====== Data shown ======

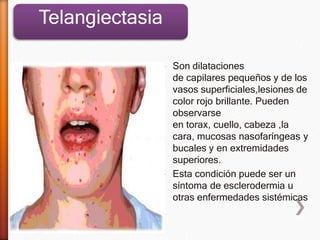 » Son dilataciones
de capilares pequeños y de los
vasos superficiales,lesiones de
color rojo brillante. Pueden
observarse
en torax, cuello, cabeza ,la
cara, mucosas nasofaríngeas y
bucales y en extremidades
superiores.
» Esta condición puede ser un
síntoma de esclerodermia u
otras enfermedades sistémicas
Telangiectasia
 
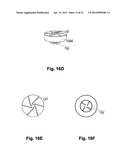 HEART PUMP CONTROLLER diagram and image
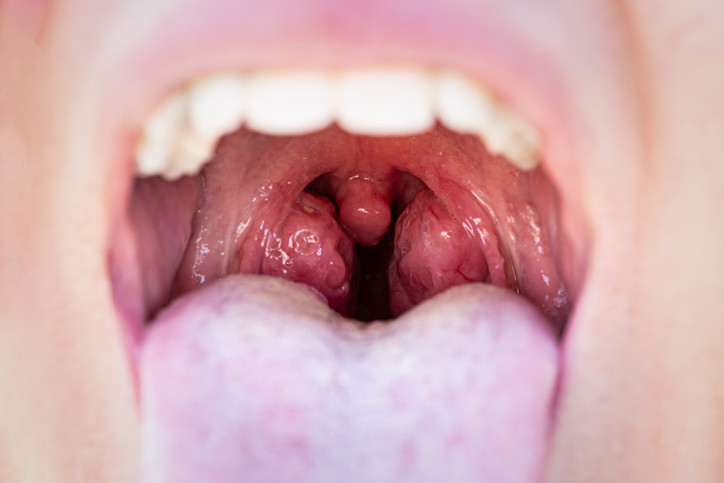 GİZLİ SEBEP GİZLİ SEBEP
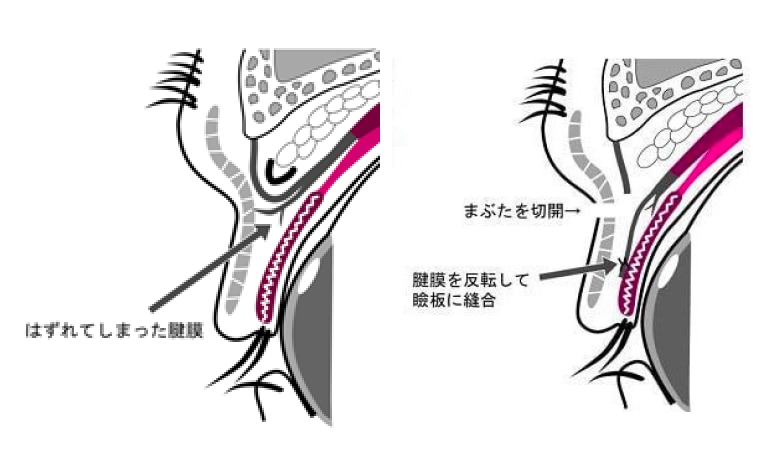 信州大学式の手術図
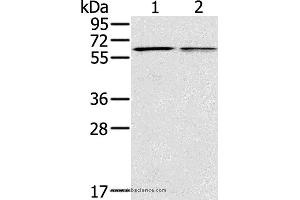 Western blot analysis of Mouse liver and lung tissue, using PTGER2 Polyclonal Antibody at dilution of 1:200 (PTGER2 anticorps)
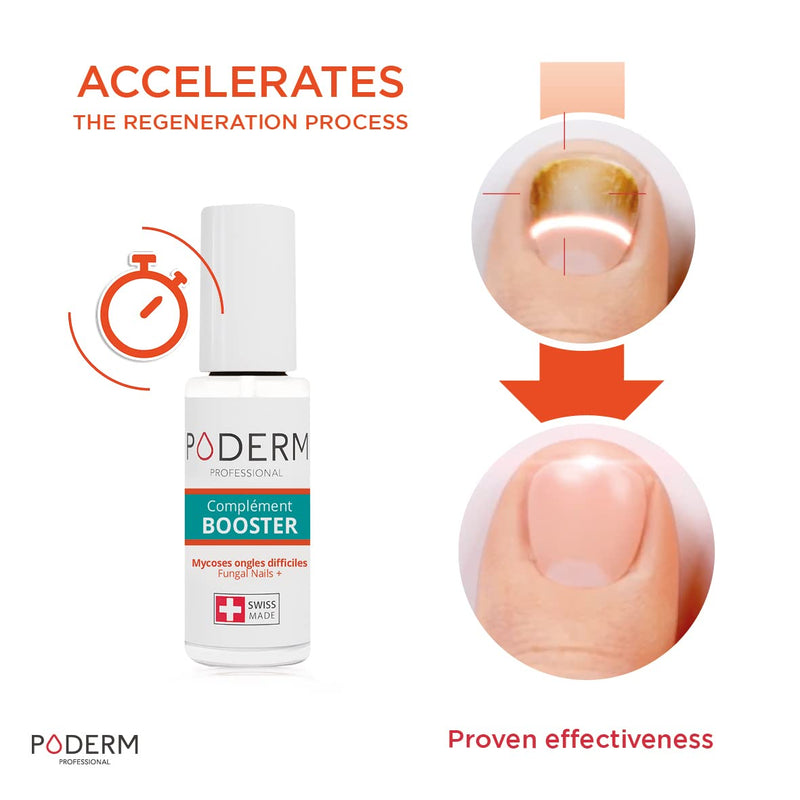 PODERM - FUNGAL NAIL INFECTION TREATMENT BOOSTER for fungal nail infections that are difficult to treat - Halves the treatment time - Professional foot/hand treatment - Quick & easy - Swiss Made - NewNest Australia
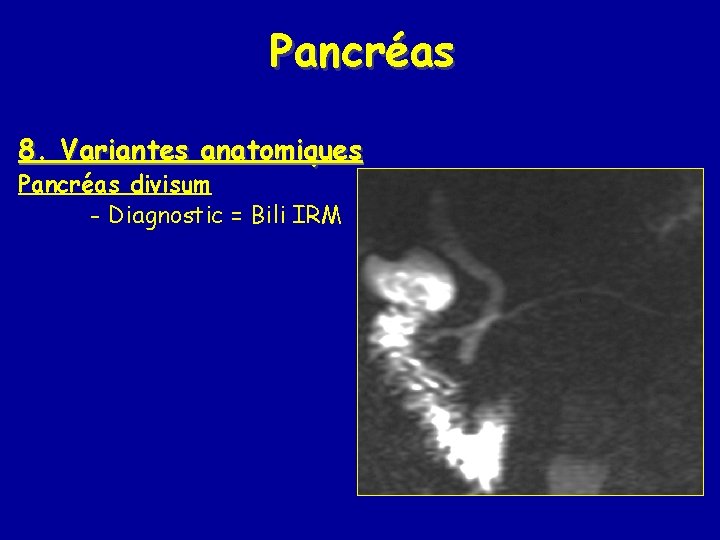 Pancréas 8. Variantes anatomiques Pancréas divisum - Diagnostic = Bili IRM 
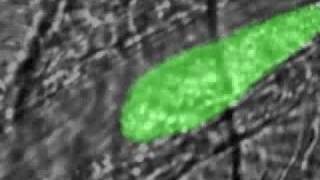 Real time thrombus formation after a laserinduced injury [upl. by Adama480]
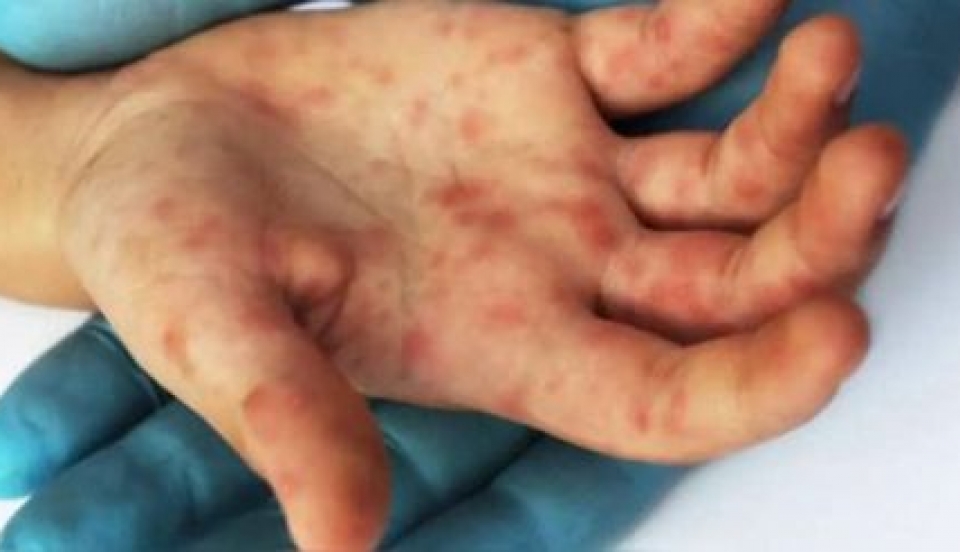 Limay Perú - Portal de Noticias de Lima Norte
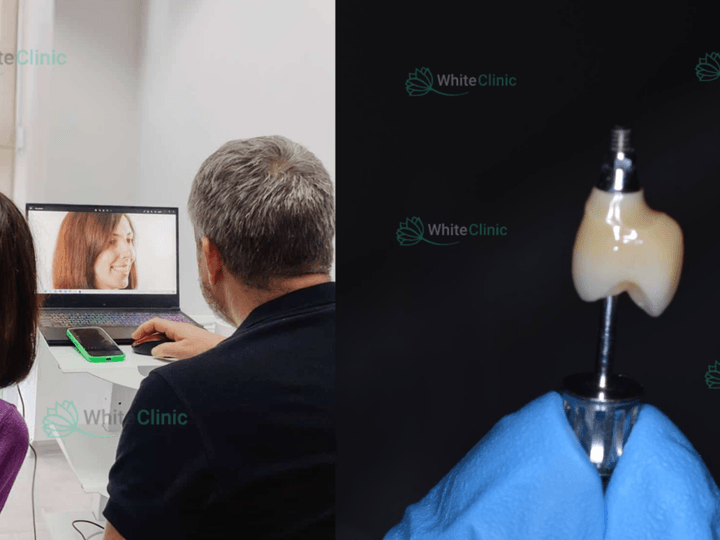 Скільки коштує імплантація зубів в Україні та світі: порівняння цін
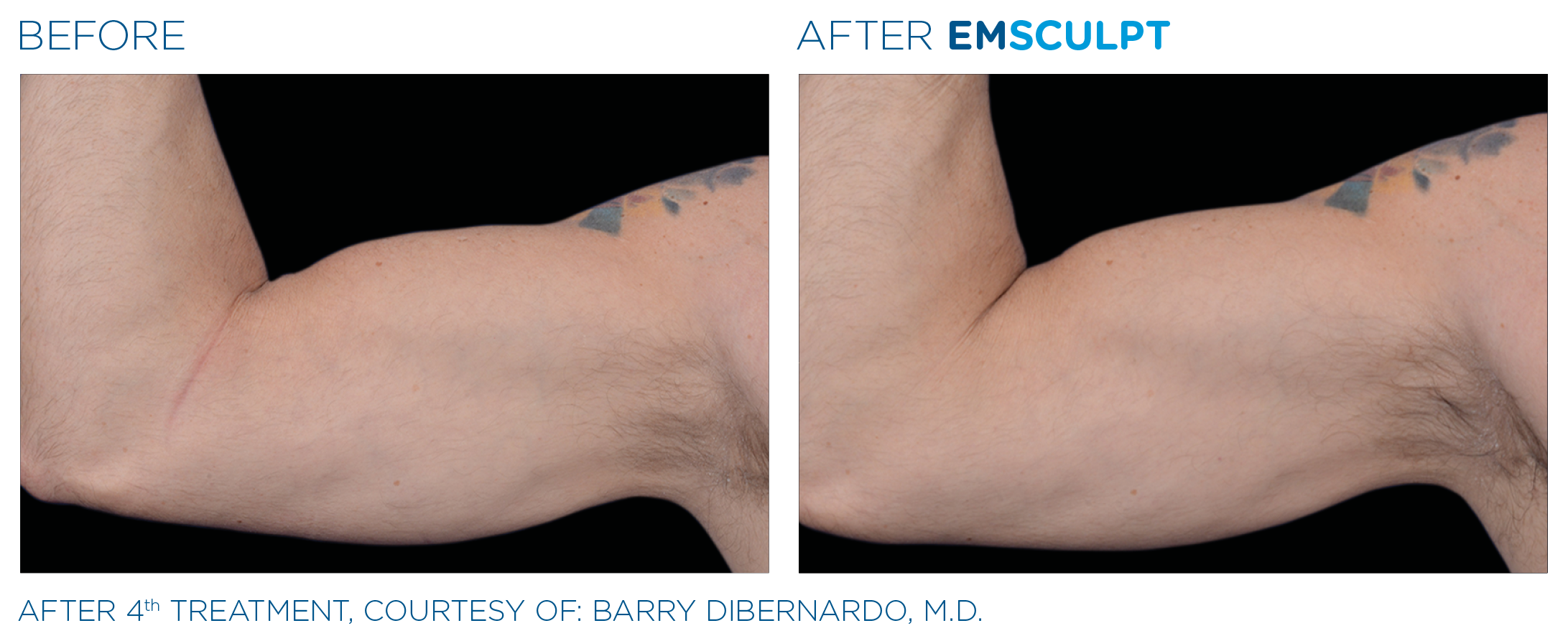 Emsculpt_PIC_Ba-card-male-arms-095_EN100.png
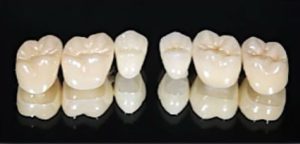 ジルコニアレイヤリング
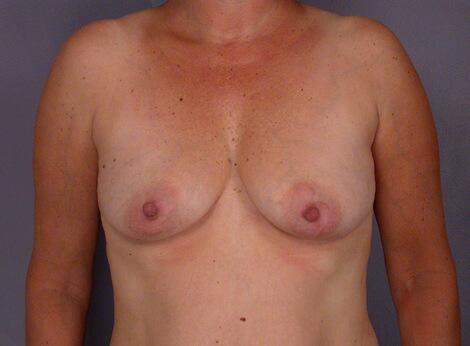 Liposuction Before & After Image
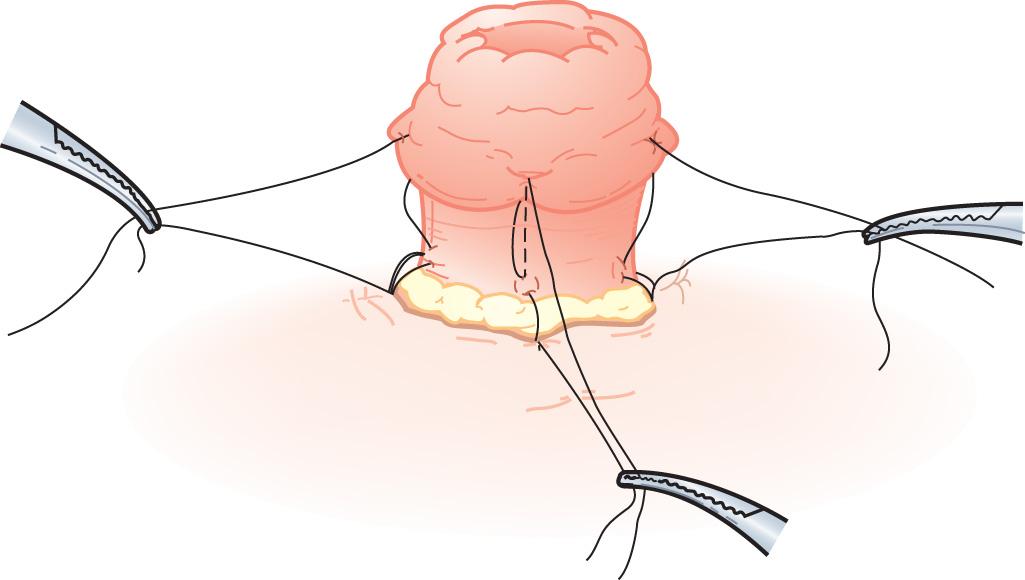 FIGURE 178.6, Tripartite bites between the dermis, the seromuscular layer of the bowel wall at the fascial level, and full thickness of the cut edge evert the stoma.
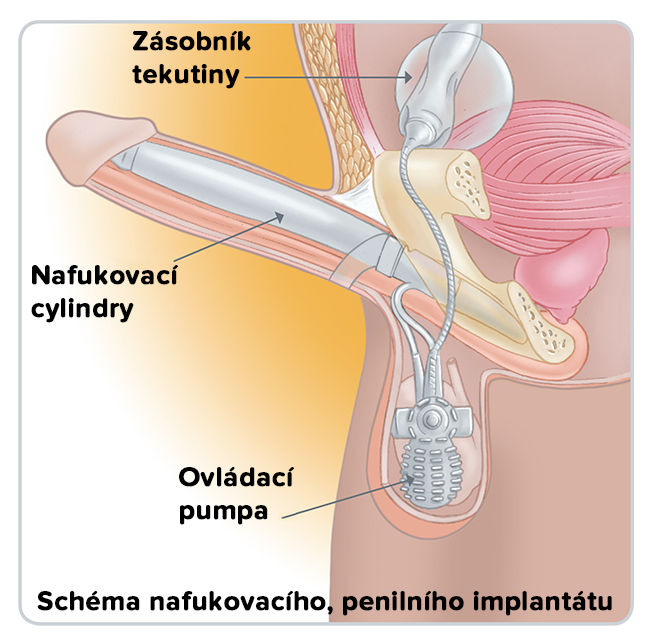 Trojdílný penilní implantát schéma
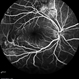 Multifocal Exudative Detachments Due to VKH Multifocal Exudative Detachments Due to VKH
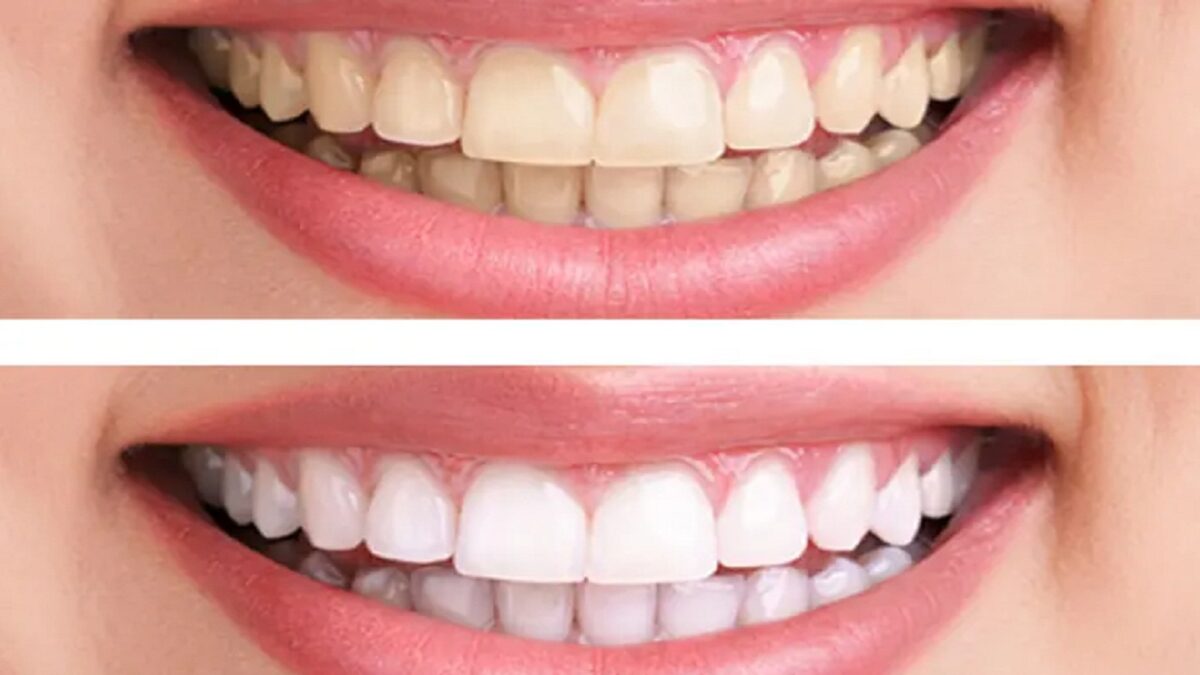 problem of yellowing of teeth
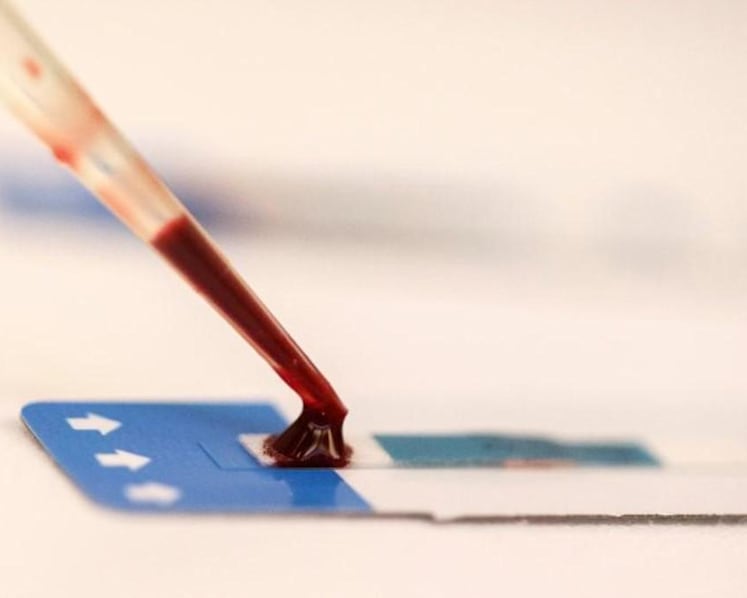 Man lied about sex history before donating HIV-contaminated blood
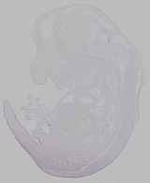 EMAGE:16089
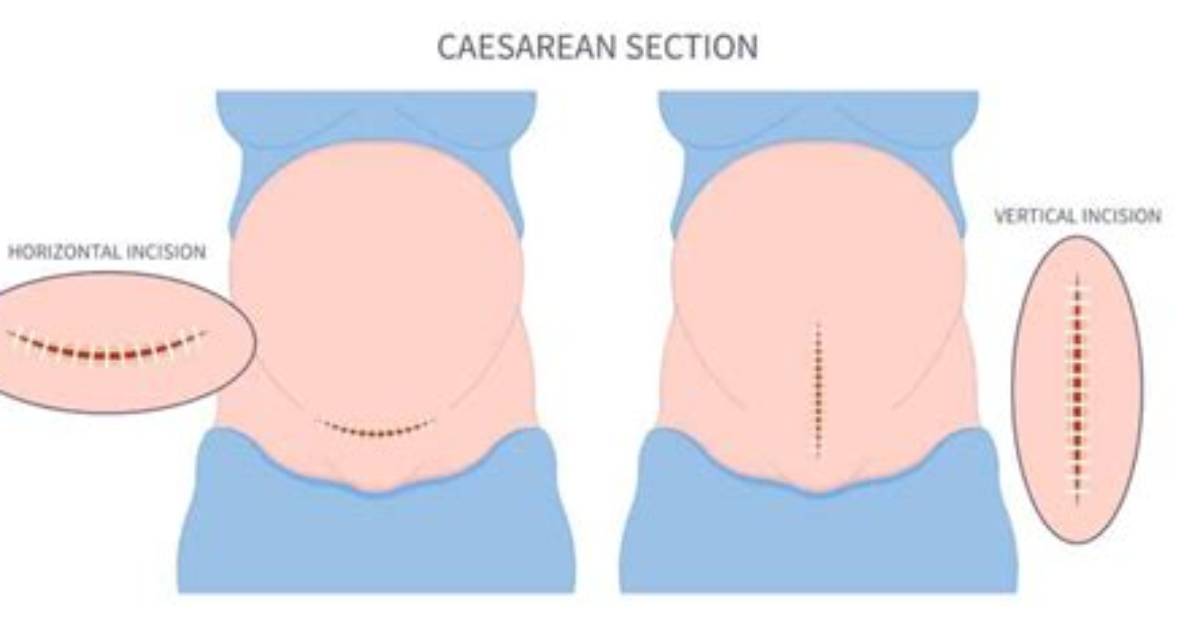 Can C Section Open from the Inside?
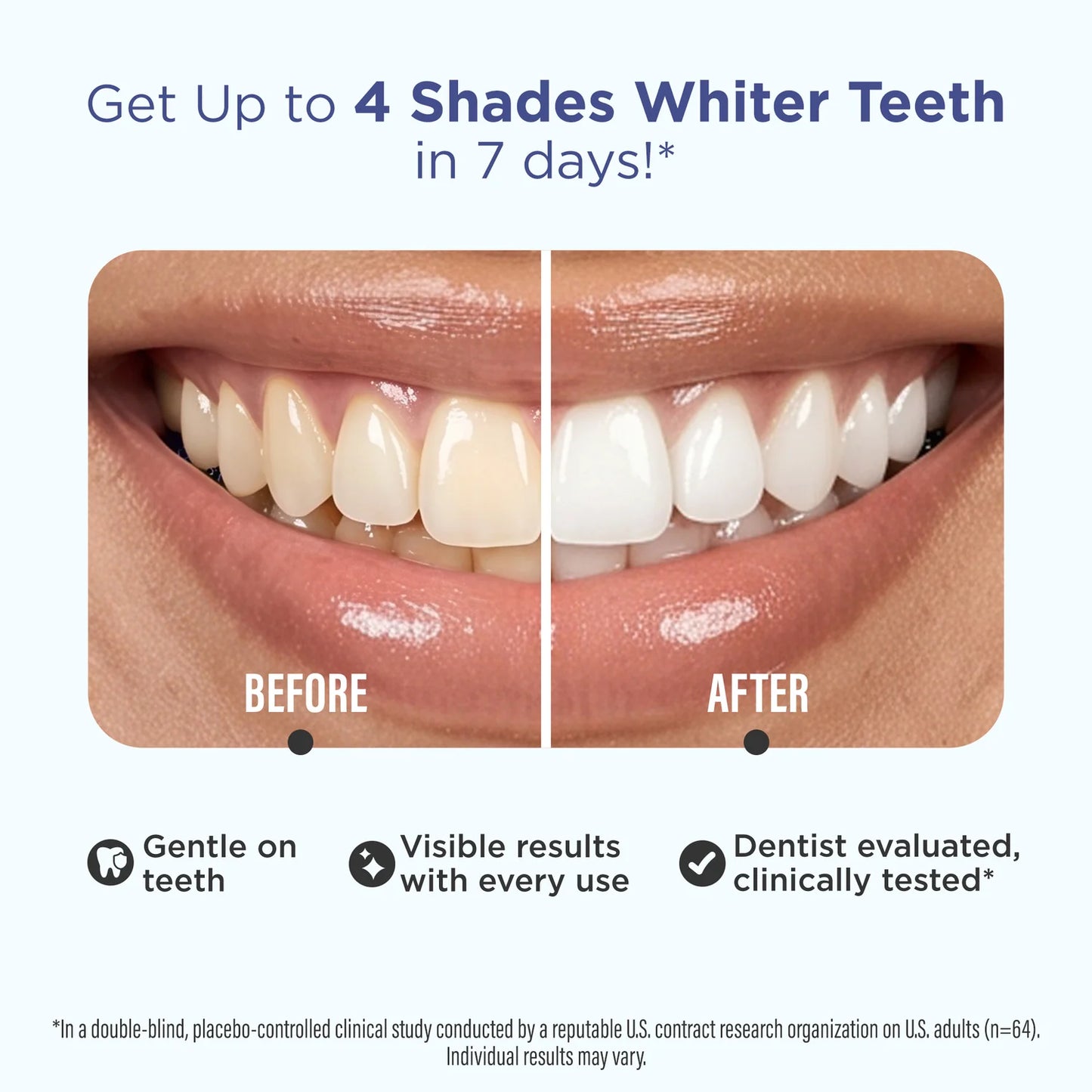 GuruNanda Premium Whitening Strips, 14 Strips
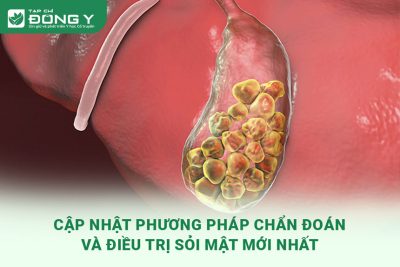 chan-doan-va-dieu-tri-soi-mat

======

*Exercise details*
In the answer, include exactly the lines from the top of the entries through the line containing "Telangiectasia", and nothing else, not even the pictures.

*Result of the exercise*
 » Son dilataciones
de capilares pequeños y de los
vasos superficiales,lesiones de
color rojo brillante. Pueden
observarse
en torax, cuello, cabeza ,la
cara, mucosas nasofaríngeas y
bucales y en extremidades
superiores.
» Esta condición puede ser un
síntoma de esclerodermia u
otras enfermedades sistémicas
Telangiectasia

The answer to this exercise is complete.